Problem requirements - With every picture left out, restate the listing below exactly as written.

Source data -
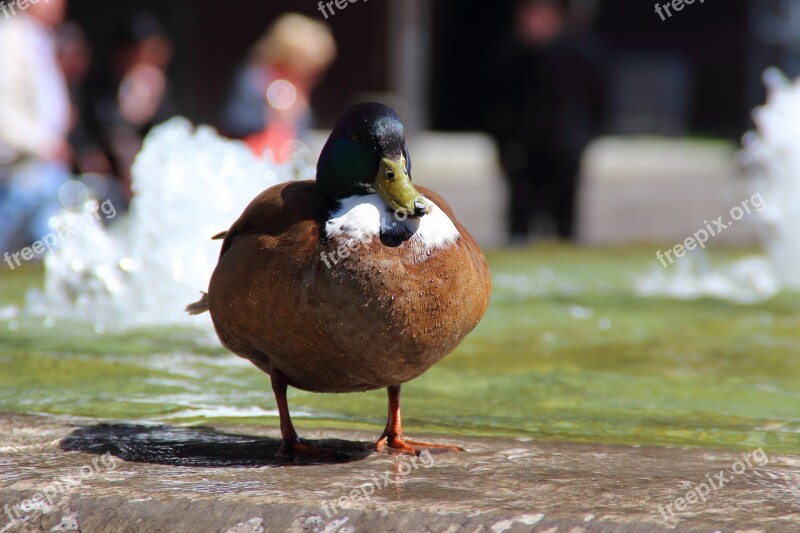 Duck Mallard Water Bird Animal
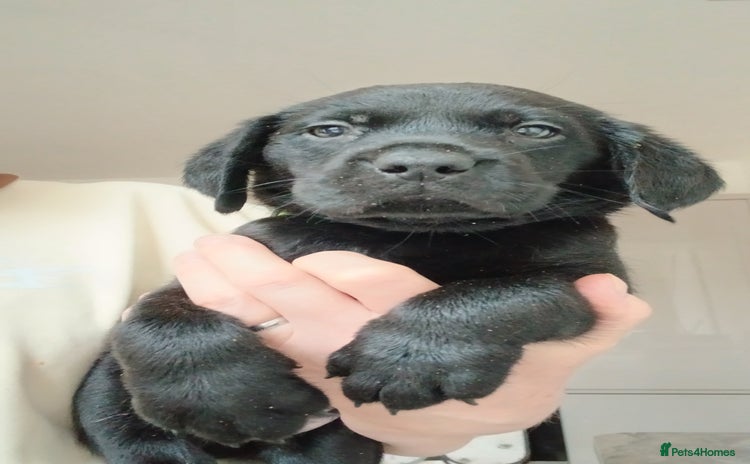 Labrador Retriever dogs - Advert 4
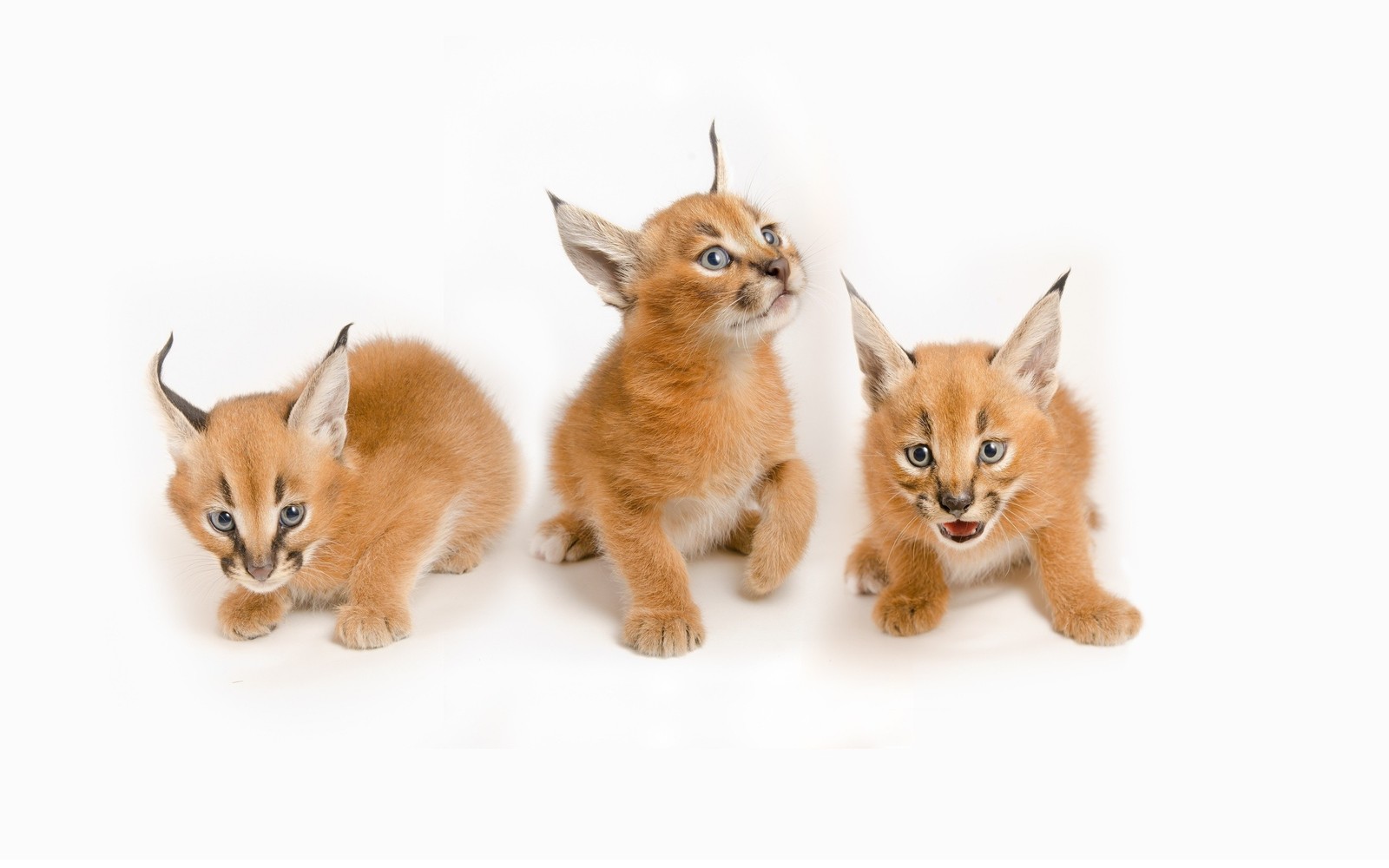 Three caracali kittens are sitting on a white surface (kitten, wildcat, caracal, big cat, wildlife)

Answer -
 Duck Mallard Water Bird Animal
 Labrador Retriever dogs - Advert 4
 Three caracali kittens are sitting on a white surface (kitten, wildcat, caracal, big cat, wildlife)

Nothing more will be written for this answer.